= National Center for Nynorsk in Education =

The National Center for Nynorsk in Education (Nasjonalt senter for nynorsk i opplæringa or simply Nynorsksenteret 'Nynorsk Center') is a Norwegian organization dedicated to promoting the use of Nynorsk in education.

The center was opened by Ministry of Education and Research Kristin Clemet on March 30, 2005. It is located at Volda University College. The center is administratively linked to the college and academically to the Norwegian Directorate for Education and Training. The center carries out systematic research and development work to promote the learning of Nynorsk, primarily with regard to the course content.

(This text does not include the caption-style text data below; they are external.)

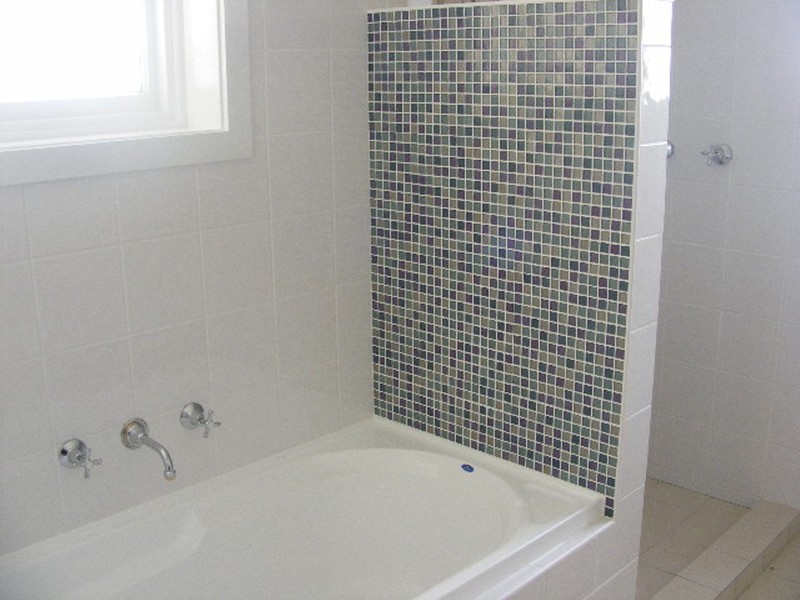 159 Keppel St, Bathurst NSW 2795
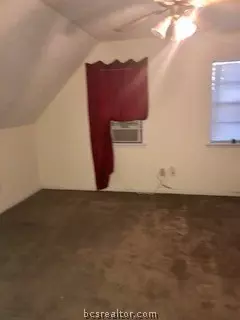 1703 Dillon Ave, Bryan, TX 77803 photo 12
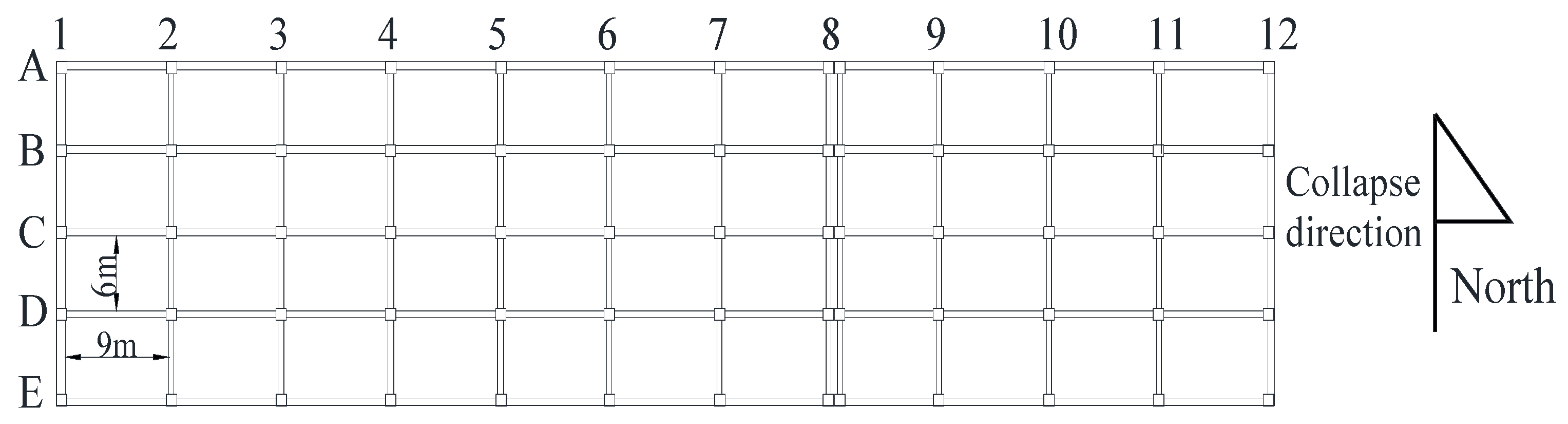 Applsci 13 06765 g002 Applsci 13 06765 g002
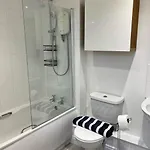 Vale Head Apartment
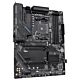 GIGABYTE B550 X GAMING WIFI7 Motherboard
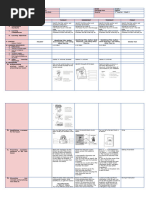 Q2 Week5 DLL English 2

According to a press release from the Ministry of Education and Research, the center "leads and coordinates efforts to develop content, methods, and assessment in Nynorsk parts of Norwegian language courses, offers heads of schools and schools support and guidance in work on motivation for and learning Nynorsk, establishes systematic research and development work to promote learning Nynorsk, and contributes to skill development." Every year, the center is able to specify a number of specific tasks in a letter of commission from the Directorate of Education. The letter of commission applies to all national resource centers, and the Nynorsk Center especially works in partnership with the National Center for Reading Education and Reading Research (Nasjonalt senter for leseopplæring og leseforsking) and the Norwegian Center for Writing Education and Research (Nasjonalt senter for skriveopplæring og skriveforsking).